Busy weekend

By: 
Keith Bryant
 ­With Easter approaching, bunny making at the shop is fast and furious. 
 This past weekend I was wrapped up in cooking for the Chamber of Commerce Crab Feed. With 600 pounds of Dungeness Crab and 220 pounds of pork ribs, I was a busy boy. 
 I look forward to cooking for this event, and my truest of friends Lisa Horzen and Jenni Rodriquez have done this with me on and off for years. We have developed a system for feeding everyone in about an hour. The FFA and 4-H students helped this year and did a great job.
 With this event I have a couple of other things to make for the dessert auction. I made one of the king cakes you read about a couple of weeks ago.
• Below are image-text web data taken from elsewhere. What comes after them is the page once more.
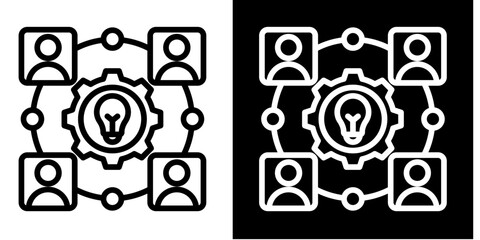 Knowledge Sharing  Icon Set White Mix Style Collection
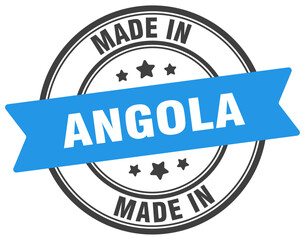 Made in Angola round sign. Made in Angola stamp.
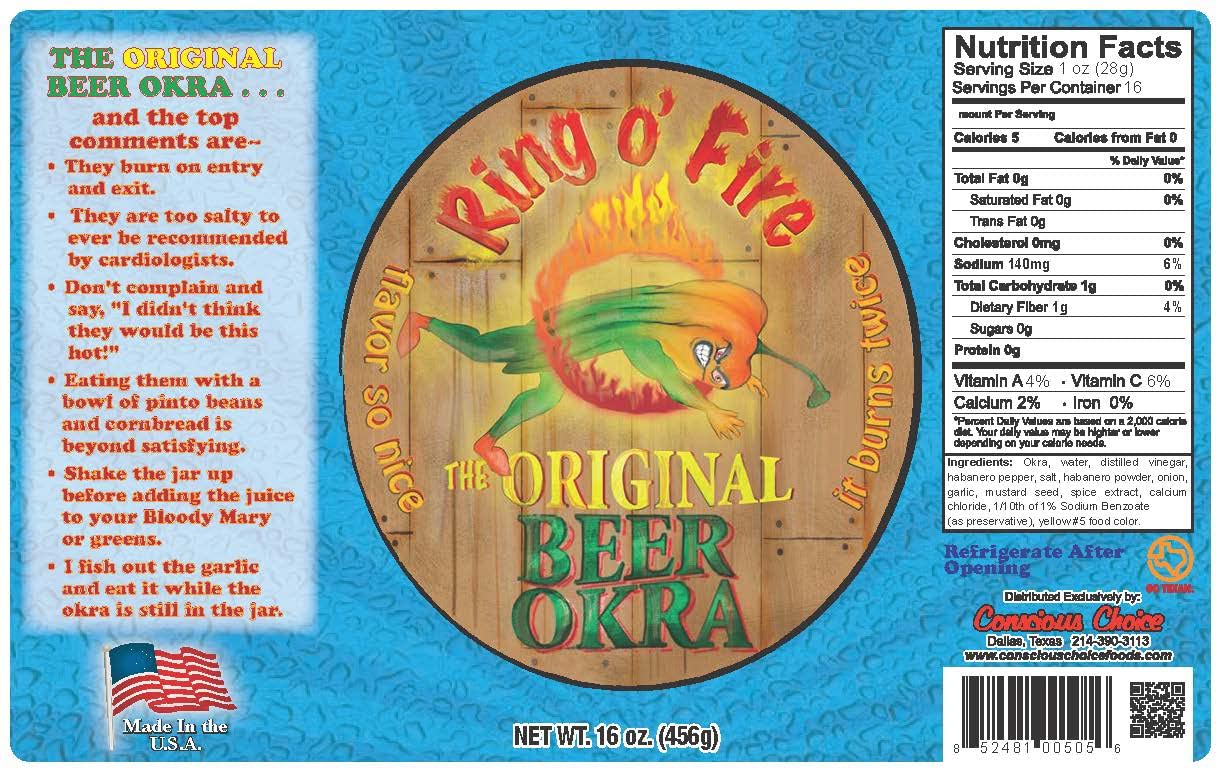 Harold's Ring O Fire Okra - Super Hot Spicy Pickled Okra with Fresh Garlic & Habanero Peppers - Texas-Made Southern Snack for BBQ Parties, Game Nights & Spicy Food Lovers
I thought with the month of May coming up and the most exciting 2 minutes in sports I would take the time to make a Kentucky Derby pie.
 The history of the derby pie started in 1950 by the Melrose Inn in Prospect, Kent., as a specialty pastry. The name “Derby Pie” was chosen because the various family members each had a different name for the creation, so to resolve the naming quandary they put the various names in a hat, and pulled out the paper which said “Derby Pie.” 
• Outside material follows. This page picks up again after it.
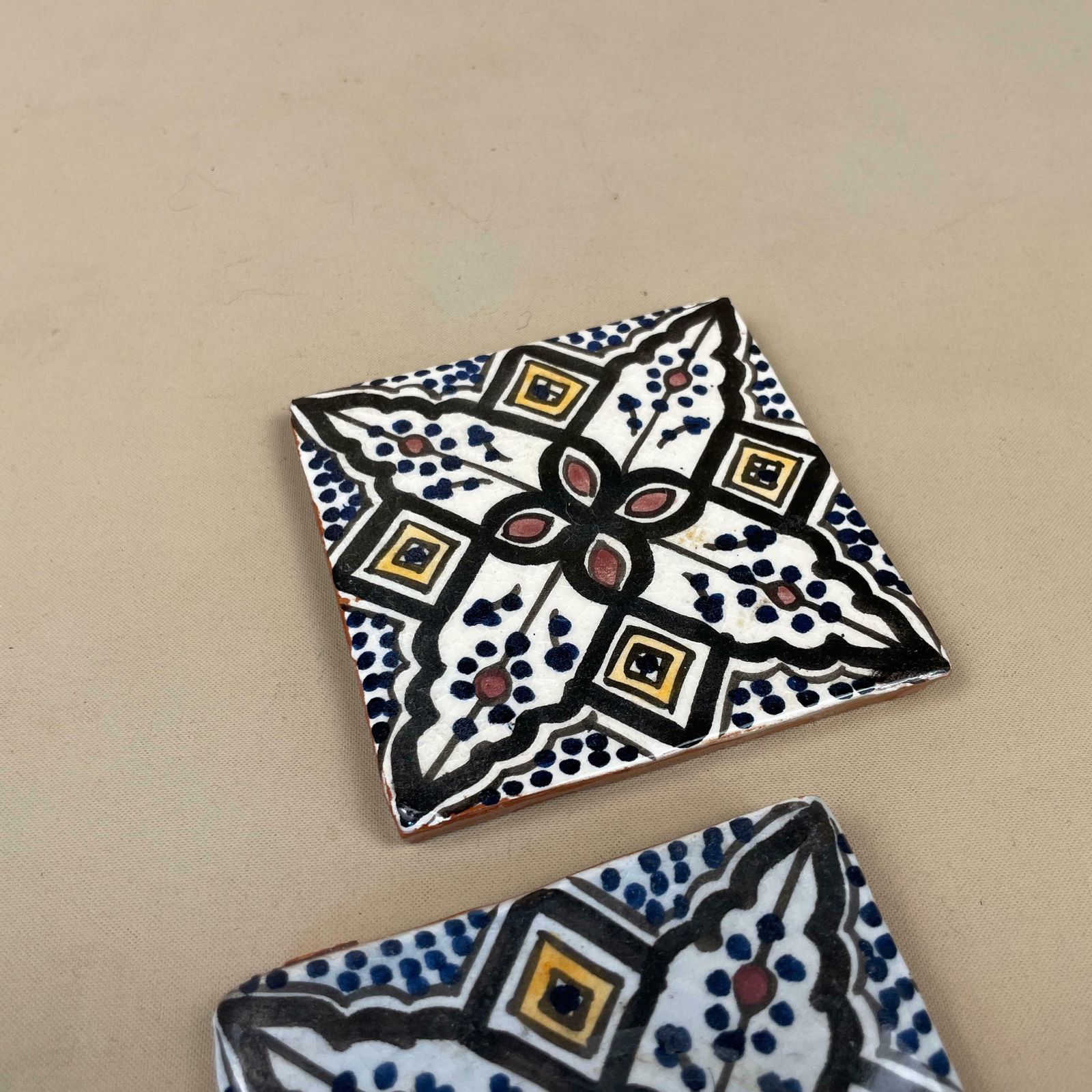Two Moroccan Vintage Tile Ceramic Square Old Patterned 9.7x9.7cm Placemat Patterned Decorative Black Coaster Plant Stand photo 55.0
 The name “Derby Pie” is a registered trademark of Kern’s Kitchen, which registered the name in 1968. Kern’s Kitchen diligently guards the trademark and has filed more than 25 lawsuits to protect it over the years.
 The “Derby-Pie” isn’t the only dessert with a legally protected name. Just a few years ago, the New York City-based baker Dominique Ansel trademarked the name “Cronut” after his combination croissant-donut concoction went viral in 2013. 
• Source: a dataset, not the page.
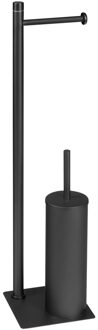 Sapho Vrijstaand Closetrol- en Borstelhouder Sapho Trilly Mat Zwart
 But while U.S. copyright law allows for names to be trademarked, recipes can’t, meaning restaurants can still sell what some might traditionally call a “Derby Pie” even if they can’t officially call it that.
Derby Pie
Ingredients
½ cup all-purpose flour
1 cup sugar
2 eggs (lightly beaten)
½ cup butter (melted)
2 tablespoons Kentucky bourbon
1 cup walnuts (chopped)
1¼ cups semisweet chocolate chips
1 teaspoon vanilla extract
Pinch salt
1 ready-made pie crust (for 9-inch pie)
Directions
 Gather the ingredients.
 Preheat the oven to 350 degrees F.
 Combine the flour and sugar in a mixing bowl.
 Add the eggs and butter and mix to combine.
 Stir in the bourbon, walnuts, chocolate chips, vanilla, and salt.
 Pour the mixture into the unbaked pie crust.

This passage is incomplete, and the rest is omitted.